徳島堰は、
江戸時代に江戸深川の「徳嶋兵左衛門とくしまひょうざえもん」さんが
自分のポケットマネーで水路を開削し、荒地の新田開発と山梨、長野、静岡を舟で
結んでしまおうというビッグプロジェクトを立ち上げ
今から約340年前の1665年(寛文5年)2月に工事が始まりました。
しかし当たり前ですが、一個人の私財で完成できるような代物ではなく
なんとか2年後の春には旧白根地区の飯野南橋まで通水させたのですが、
この年に
兵左衛門は、工事から突然手を引き行方不明になってしまっています
道半ばとはいえ、灌漑用水路としてはほぼ真ん中まで通水できる状態になっていたのに
これから水が流れれば、地域の住民から灌漑用水の負担金が入る段になって
突然行方不明
これには
完成後の利権を幕府がのっとるために金を握らせて追い払っただの
暗殺されたんではだの憶測がありますが
ともあれ船を通す水路は難しいにしても、
灌漑用水路としては充分に機能できる堰が半分まで完成したので
その途中までの地域を潤す灌漑用水として
その工事の継続を甲府の城代が責任者として行いました。
民間の事業を、官が引き継いだわけですね
「おいしいところだけさらっていったようなもんです」
さらにその工事を、地元の地主である矢崎家に押し付けました。
まあ矢崎さんにとっては、水の少ない地元に水を持ってくる工事ですから
喜んで引き受けますわね。
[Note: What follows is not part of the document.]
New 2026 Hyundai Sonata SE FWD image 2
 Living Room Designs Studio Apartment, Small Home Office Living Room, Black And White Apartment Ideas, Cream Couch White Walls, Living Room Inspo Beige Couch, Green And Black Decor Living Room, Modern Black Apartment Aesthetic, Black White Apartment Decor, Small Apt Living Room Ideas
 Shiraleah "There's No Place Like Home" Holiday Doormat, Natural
地元大歓迎です。
でもその費用を、幕府は
矢崎家に借金させて作らせたんですね
矢崎家は堰の完成後きちんとその借金を完済しているそうです
「返済を待ってくれ・・とかいう文章もあるみたいですが」
つまりこの堰はほとんど
民間資本で作られた用水路なんですね。
だからこそ過剰投資も、業者へのリベートもなく今でも立派に機能してます。
ちなみにこの徳島堰の水は、富士川上流釜無川の、韮崎市円野地区から取水していますが
この上流が、ミネラルウォーターで有名な南アルプスの天然水のある
白州地区になります。また上流の武川地区は山梨で一番おいしい米どころなんです
つまり、
南アルプスの果樹園は、山梨で一番おいしい水を使って栽培されています
先人の苦労に感謝。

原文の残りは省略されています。